If you want to differentiate among animals, then you should not store them indiscriminately in a list.

If nothing else works, then you could try the Visitor Pattern, which is kind-of a hack to allow for kind-of a dynamic dispatching where you can submit a visitor that will receive type-exact callbacks from animals. I would stress however that this should be a last resort if everything else fails.

Answer 2

This is a good question and it's the kind of trouble a lot of people when trying to understand how to use OO. I think most developers struggle with this. I wish I could say that most get past it but I'm not sure that's the case. Most developers, in my experience, end up using pseudo-OO property bags.

First, let me be clear. This is not your fault. The way OO is typically taught is highly flawed. The Animal example is the premier offender, IMO. Basically, we say, let's talk about objects, what can they do. An Animal can eat() and it can speak(). Super. Now create some animals and code how they eat and speak. Now you know OO, right?

The problem is that this is coming at OO from the wrong direction. Why are there animals in this program and why do they need to speak and eat?

I have a hard time thinking of a real use for an Animal type. I'm sure it exists but let's discuss something that I think is easier to reason about: a traffic simulation. Assume we want to model traffic in various scenarios. Here are some basic things that we need to have to be able to do that.

Vehicle
Road
Signal

We can go deeper with all kinds of things pedestrians and trains but we'll keep it simple.

Let's consider Vehicle. What capabilities does the vehicle need? It needs to travel on a road. It needs to be able to stop at signals. It needs to be able navigate intersections.

interface Vehicle {
  move(Road road);
  navigate(Road... intersection);
}

This is probably too simple but it's a start. Now. What about all the other things that a vehicle might do? They can turn off of a road and into a ditch. Is that part of the simulation? No. Don't need it. Some cars and buses have hydraulics that allow them to bounce or kneel respectively. Is that part of the simulation? No. Don't need it. Most cars burn gasoline. Some don't. Is the power plant part of the simulation? No. Don't need it. Wheel size? Don't need it. GPS navigation? Infotainment system? Don't need em.

You only need to define behaviors that you are going to use. To that end, I think it's often better to build OO interfaces from the code that interacts with them. You start with an empty interface and then start writing the code that calls the non-existent methods. That's how you know what methods you need on your interface. Then once you've done that, you go and start defining classes that implement these behaviors. Behaviors that are not used are irrelevant and do not need to be defined.

The whole point of OO is that you can add new implementations of these interfaces later without changing the calling code. The only way that works is if the needs of the calling code determines what goes in the interface. There is no way to define all the behaviors of all the possible things that could be thought up later.

Answer 3

TL;DR:

Think about an abstraction and methods that apply to all subclasses and cover everything you need.

Let's first stay with your eat() example.

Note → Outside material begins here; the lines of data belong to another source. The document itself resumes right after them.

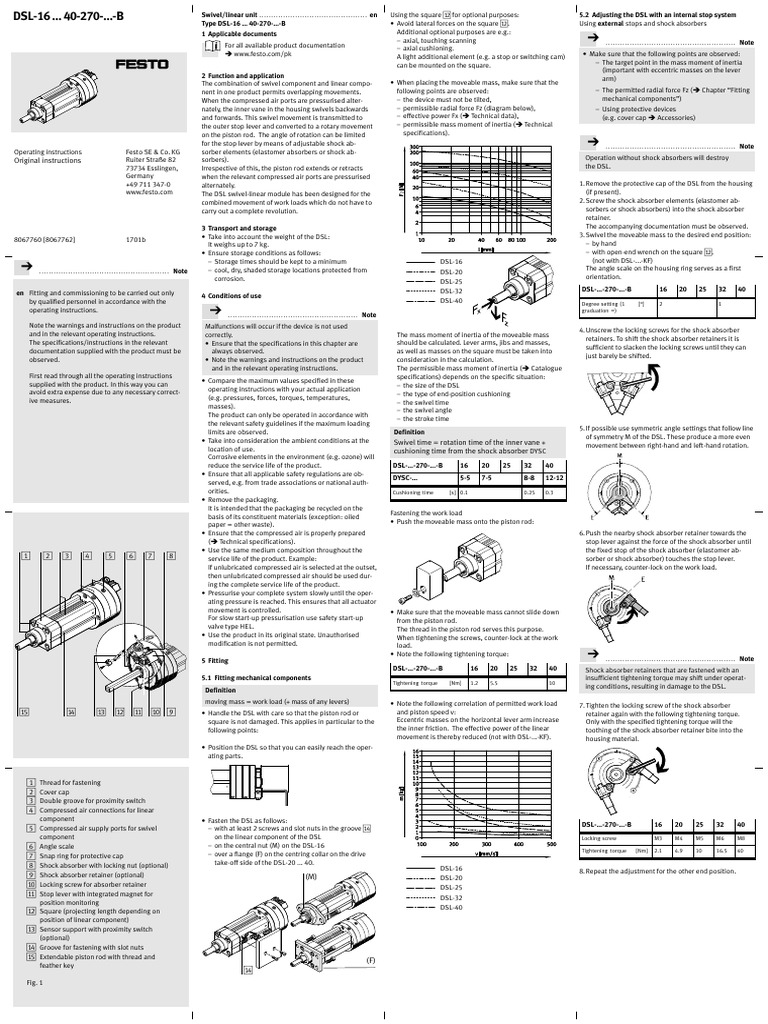 DSL Swivel-Linear Module Guide | PDF | Valve | Torque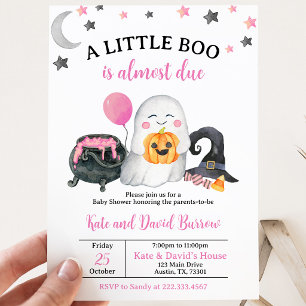 Pink A Little Boo Baby Shower Invitation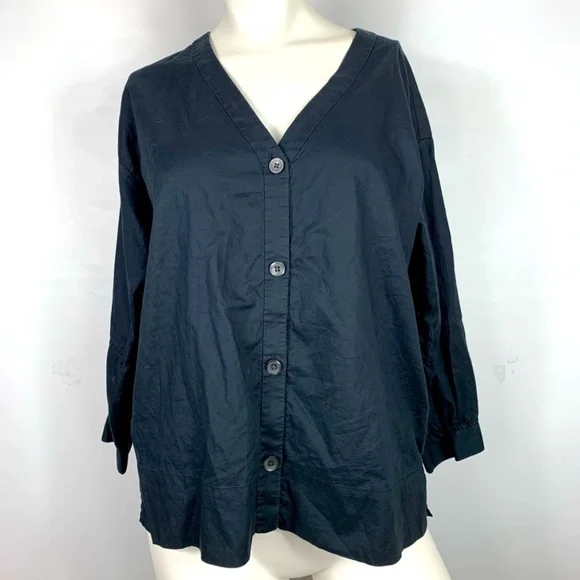 Everlane Cotton 3/4 Sleeve Button Down Black Top SZ 10 Everlane - Picture 2 of 5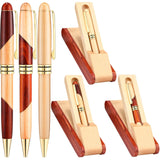 Zhanmai 3 Sets Wooden Ballpoint Pen Sets for Men Gift with Business Pen Case Display, Appreciation Gifts for Men Christmas Birth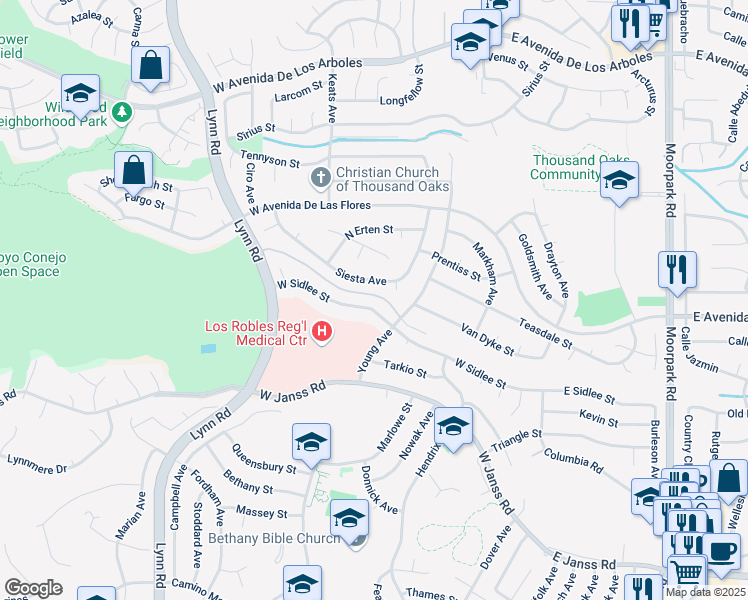 map of restaurants, bars, coffee shops, grocery stores, and more near 183 West Sidlee Street in Thousand Oaks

It's a property of being a human that, as a precondition to eating, humans want to wash their hands and get dressed before eating. If you want someone to come to you to eat breakfast with you, you don't tell them to wash their hands and get dressed, they do it on their own when you invite them, or they answer "No, I can't come over, I haven't washed my hands, and I'm not yet dressed".

Back to software:

As a Human instance won't eat without the preconditions, I'd have the Human's eat() method do washHands() and getDressed() if that hasn't been done. It shouldn't be your job as the eat() caller to know about that peculiarity. The stubborn-human's alternative would be to throw an exception ("I'm not prepared to eat!") if the preconditions aren't met, leaving you frustrated, but at least informed that eating didn't work.

What about makeEggs()?

I'd recommend to change your way of thinking. You probably want to execute the scheduled morning duties of all the beings. Again, as the caller it shouldn't be your job to know what their duties are. So I'd recommend a doMorningDuties() method that all classes implement.

Answer 4

The answer is quite simple.

How to handle objects that can do more than you expect?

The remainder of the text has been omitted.